Over 6,000 athletes competed in 198 events spanning 21 sports. As a tribute to Indigenous people in Canada, the August 1 closing ceremonies included approximately 200 Indigenous dancers from nine different First Nations.
Janice Forsyth, an associate professor in the School of Kinesiology at Western University, said Montreal started modern day involvement of Indigenous people in the Olympic games.
“Montreal was the starting ground for it all,” she told The Eastern Door. “The first time Native people were involved in the games was 1904 and back then, it was really exploitative – they were pulled out of world fairs and made to do really embarrassing things in the Olympic games. The next time we really see them front and centre is 1976.”

During the final performance, which can be viewed online on YouTube, the dancers marched in arrowhead formation as they entered the Olympic Stadium and paraded around the track.
Five massive teepees were erected in the centre of the stadium.
“Olympic organizers appropriated a multitude of popular Aboriginal images and arranged them in a vivid and dramatic display, complete with teepees, tom-toms, feathered headdresses, flags, and buckskin outfits – all color-coordinated to match the five colors of the Olympic rings,” Forsyth described the event in her 2002 academic paper Teepees and Tomahawks: Aboriginal Cultural Representation at the 1976 Olympic Games.
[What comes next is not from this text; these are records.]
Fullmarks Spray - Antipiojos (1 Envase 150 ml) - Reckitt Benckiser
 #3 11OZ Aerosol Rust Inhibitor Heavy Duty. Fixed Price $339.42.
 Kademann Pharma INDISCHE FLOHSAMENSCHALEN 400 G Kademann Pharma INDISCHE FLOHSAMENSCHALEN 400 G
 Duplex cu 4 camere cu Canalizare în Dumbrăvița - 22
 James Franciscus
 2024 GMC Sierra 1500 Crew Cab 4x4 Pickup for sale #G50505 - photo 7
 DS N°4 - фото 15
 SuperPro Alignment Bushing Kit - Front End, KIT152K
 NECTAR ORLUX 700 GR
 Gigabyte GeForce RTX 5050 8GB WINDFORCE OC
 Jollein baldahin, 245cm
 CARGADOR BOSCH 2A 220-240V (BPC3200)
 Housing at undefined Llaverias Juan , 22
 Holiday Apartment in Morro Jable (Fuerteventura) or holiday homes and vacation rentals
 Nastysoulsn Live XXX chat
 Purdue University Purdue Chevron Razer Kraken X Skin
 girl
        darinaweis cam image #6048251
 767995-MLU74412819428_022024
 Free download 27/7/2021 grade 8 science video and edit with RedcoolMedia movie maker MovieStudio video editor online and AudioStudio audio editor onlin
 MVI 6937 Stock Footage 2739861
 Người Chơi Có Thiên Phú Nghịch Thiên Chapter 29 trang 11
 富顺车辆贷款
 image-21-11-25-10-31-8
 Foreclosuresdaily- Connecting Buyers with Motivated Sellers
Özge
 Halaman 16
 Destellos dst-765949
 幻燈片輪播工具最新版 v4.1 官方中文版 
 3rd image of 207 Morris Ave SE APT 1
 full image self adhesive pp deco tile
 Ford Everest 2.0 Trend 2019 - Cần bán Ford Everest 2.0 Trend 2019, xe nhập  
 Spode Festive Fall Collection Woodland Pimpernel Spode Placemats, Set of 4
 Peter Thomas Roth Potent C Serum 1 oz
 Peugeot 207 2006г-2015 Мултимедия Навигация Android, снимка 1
The representation was far from perfect for many.
Sedalia Fazio told The Eastern Door she had the opportunity to participate in the closing ceremony as a dancer, but refused.
“I really didn’t want to wear their manufactured dresses! I’m a stickler for authenticity,” she said. “If they would have allowed us to wear our own regalia I would have been more then happy to do it.”
The late George Hill was also critical of the performance.
“We want the people from all countries to see the Indians as they really are,” Hill was quoted in The New York Times that summer.
According to the report, approximately 250 of the dancers were non-Natives dressed and painted to look like Indians. Forsyth found similar information during her research.
“Buried in a line somewhere in a report that was four volumes long, there’s a statement that says a dance troupe from Montreal was hired for the closing ceremonies and they were primarily non-Native,” said Forsyth, who is from the Fisher River Cree Nation.

Despite the criticism, several Kahnawa’kehró:non participated in the ceremony. Those that spoke with Forsyth during her research said they were not too concerned about the misrepresentations of identity and culture. Rather, they saw it as an opportunity to have an international stage for their own political purposes.
“The Natives in Quebec weren’t really recognized as people by the Quebec government at the time and they were fighting for basic rights like water, sanitation, education, housing on reserves,” said Forsyth. “To me, that said a hell of a lot about their position in society. If you scratch the surface a little bit and see where Native people are politically in the 1960s the 1970s.”
Andrew Delisle Sr. was the president of the Indians of Quebec at the time.
“The Olympics contacted me and asked if we were interested in participating in the ceremonies,” said Delisle. “They invited me to meetings and I became involved. One of the big issues that I became involved in was that a lot of people wanted to boycott it or make problems with it.”

Delisle helped mediate the problems, and was pleased with the end results.
“We had a lot of people involved right across the country, and Indigenous people from across Quebec. They participated in the whole ceremonies. It did a lot for us,” said Delisle.
For sisters Kateri Deer and Norma Canoe, the experience was also pleasant.
“It was great,” said Deer, who was 39 years old at the time. “When they came to tell us, they supplied the costumes.”
Deer, a longtime dancer, said she entered the arena representing the Montagnais (Innu) nation, along with four other community members.
“I went in for the Montagnais because I was dark like them. Some of the people on the Mohawks complained – some of them referred to us as show business Indians,” said Deer. “I said ‘I don’t mind. Look on the good side, we’re still here – we’re still at the closing ceremonies’ and it worked out pretty fine.”
While Forsyth said a lot has changed since the ’76 games, there were still problems with Indigenous involvement in the Calgary and Vancouver winter games in 1988 and 2010.
“Change doesn’t happen naturally. It’s not like things got naturally better; ’76 was a struggle, ’88 was a struggle, and 2010 was a struggle. There’s a problem with every major games,” said Forsyth.
“It is really important for people to break down that discourse – Native people have been always asking for involvement in the games, but on their own terms and that becomes a real struggle for Olympic organizers because they have their own ideas of what they think should happen.”